Telkom’s disposal of its masts and towers business housed in Swiftnet is almost across the finishing line.
Telkom said on Monday that the suspensive conditions to proceed to closing of the disposal had been fulfilled other than standard suspensive conditions which run until the business day before closing.
“The parties are accordingly proceeding to take the necessary steps to closing of the disposal in accordance with the sale agreement,” the group said in a statement on Monday.
In December, the Independent Communications Authority of SA (Icasa) gave Telkom the green light for the disposal.
The Competition Commission and shareholders have already approved the transaction.
Telkom announced the planned sale of its masts and towers business, housed in Swiftnet, for R6.75bn in April last year to a consortium consisting of an infrastructure fund managed by a subsidiary of Actis and an infrastructure vehicle 100% owned by Royal Bafokeng Holdings.

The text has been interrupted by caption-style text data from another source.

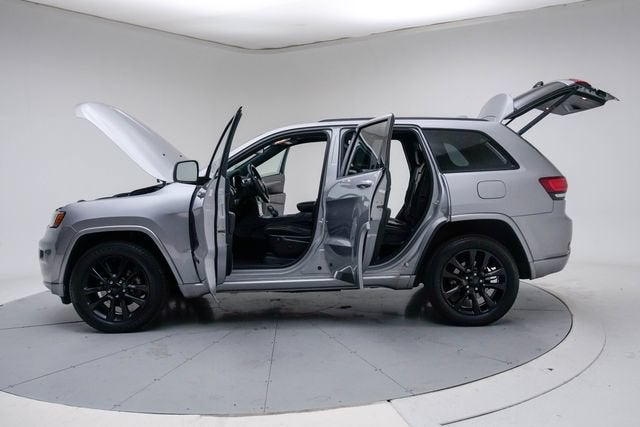 2018 Jeep Grand Cherokee Altitude 4x4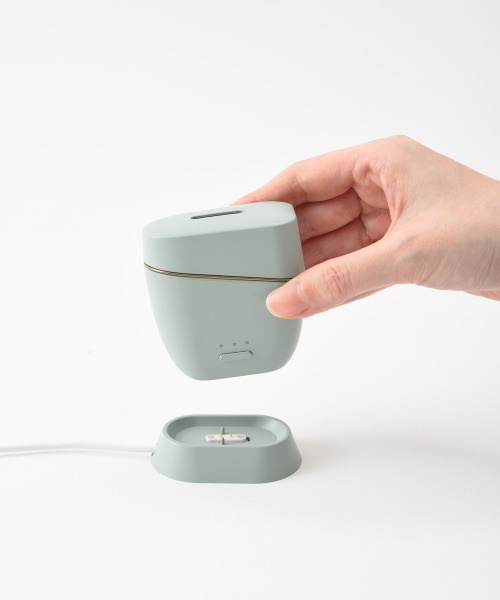 イオン洗顔ブラシ グリーンの通販 | BRUNO online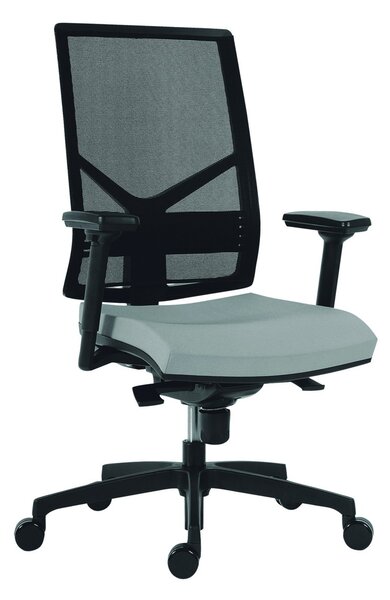 1850 SYN Omnia kancelářská židle (Provedení kříže černý plast)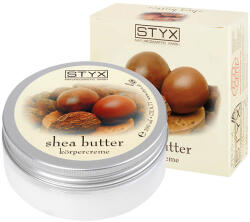 Styx Shea Butter testápoló krém shea vajjal 200 ml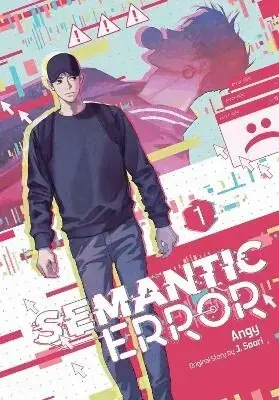 Semantic Error (comic), Vol. 1 | Skynda dig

Swiftnet owns and operates about 3,900 commercially viable masts and towers in SA.
Telkom CEO Serame Taukobong said at the time of announcing the deal that the transaction was a pivotal moment in Telkom’s implementation of its data-led strategy under OneTelkom.
The sale would strengthen the balance sheet, reduce debt and provide additional capital, enabling Telkom to focus its investment in next-generation technology infrastructure, he said at the time.